Observation availability
All stations are considered in this general analysis, which have at least 1 year of good enough quality observation data in the 1979-2021 period (while it was at least 4 year years for the calibration), supplemented also with a separate station network without larger noticeable impact of reservoirs or lakes. In total, 2293 stations were considered for the general v4.0 verification with all stations (Figuyre 1, left column), 996 for the v4.0 vs v3.1 model comparison with stations used in calibration for both models both calibrations (Figure 1, middle column) and also a third set with 233 stations that were not used in either calibrations . Details on the station selection and other aspects of the verification, including the used metrics, are available on the verification methodology page (place holder GloFAS hydrological performance verification methodology).
General v4.0 performance
OBS availability
For this comparison, we used all stations with good quality river discharge observations and minimal human or lake influence that could be mapped (find the corresponding model river network location) onto the higher resolution v4.0 river network. In total 1987 stations could be considered as shown below with the available observation length (gaps are removed to compute the length).

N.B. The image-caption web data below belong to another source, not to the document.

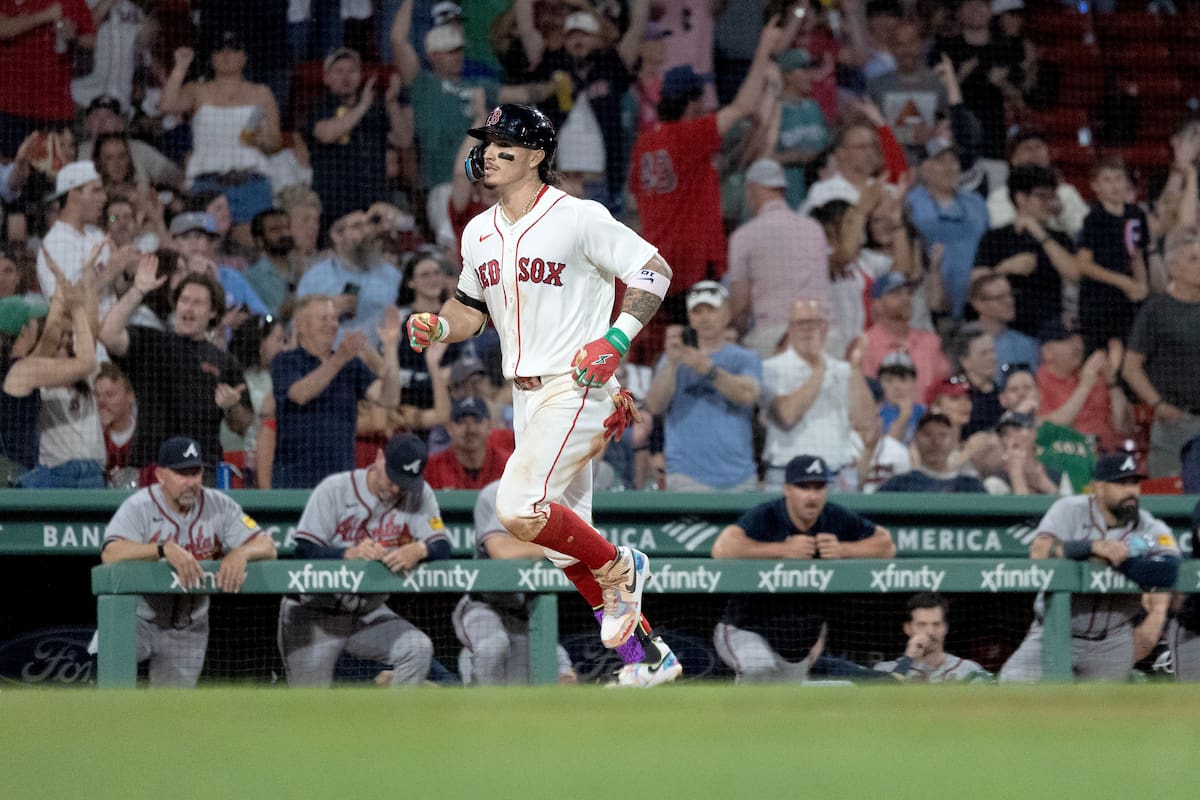 Jarren Durán de los Red Sox, recorre la sbases en Fenway Park tras conectar jonrón solitario. (AP Photo/Mary Schwalm)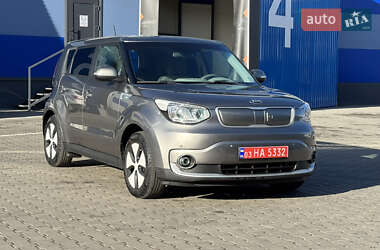 Внедорожник / Кроссовер Kia Soul EV 2015 в Ровно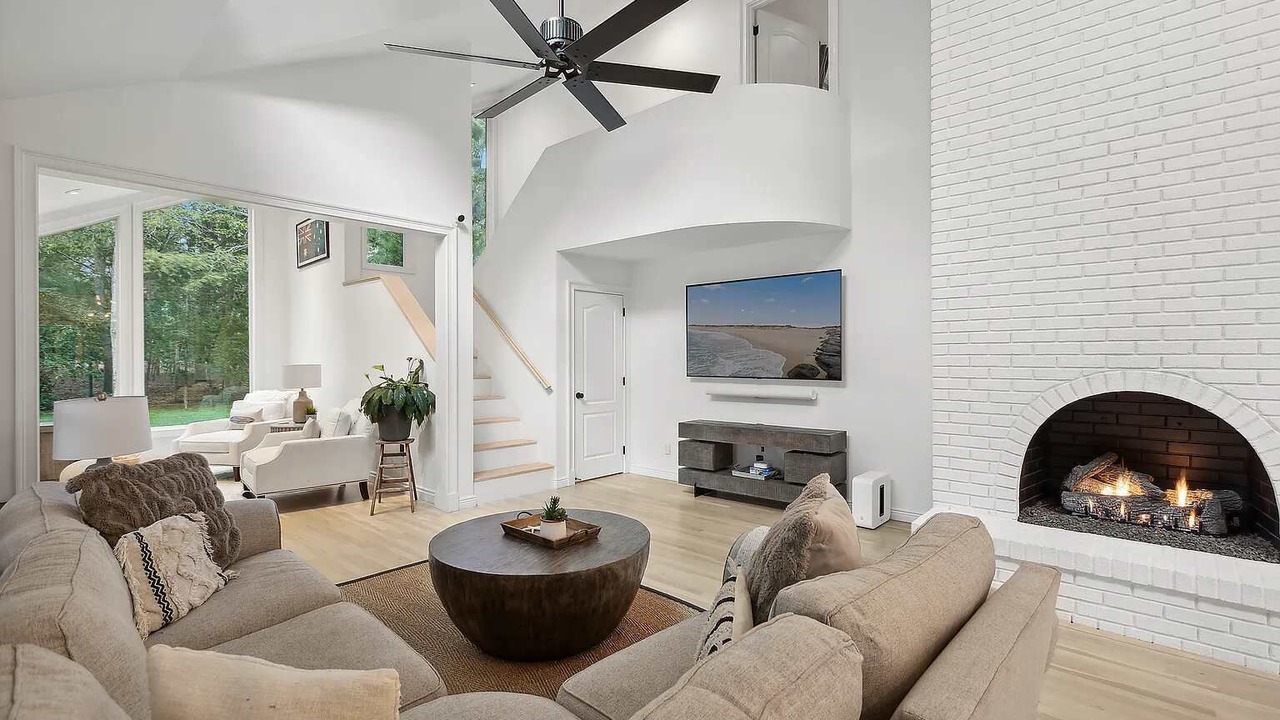 Photo of Livingroom in East Hampton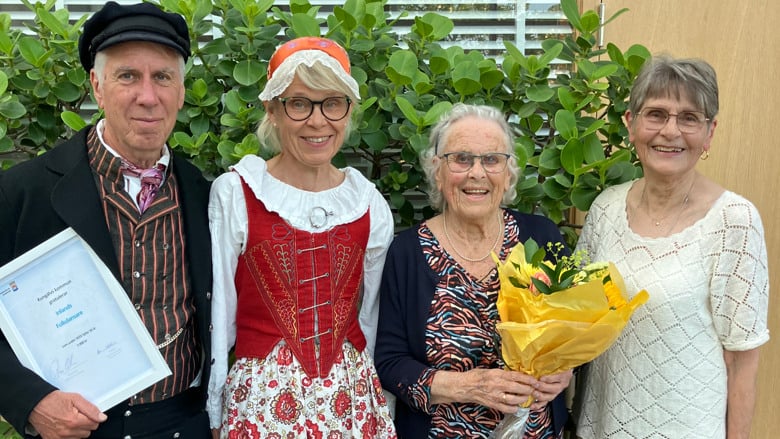 Inlands folkdansare_780.jpg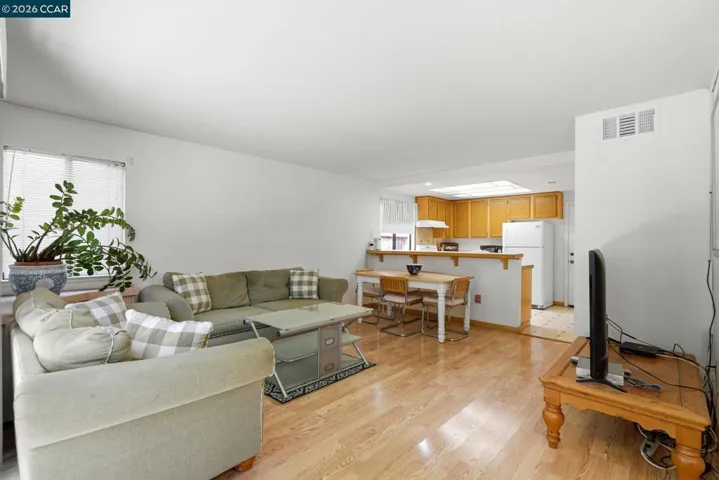 1032 Burnham Dr, Pittsburg, California 94565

(Figure 1, 3rd right column).
Figure 1. Number of years of available river discharge observations in the 1979-2021 reanalysis period with the full station list, the calibration station list and the non-calibration station list.
General v4.0 performance
KGE
The generic GloFAS v4.0 model performance is measured by the modified Kling Gupta efficiency (KGE) in Figure 2. High skill (above 0.7) is shown over much of the higher latitude areas and also some southest Asian and central south American areas. The lowest KGE, including even some catchments with no skill at all (below -0.41), are mainly spread across some tropical areas, often in central southern USA and Mexico and some areas in Africa, often in the drier climate.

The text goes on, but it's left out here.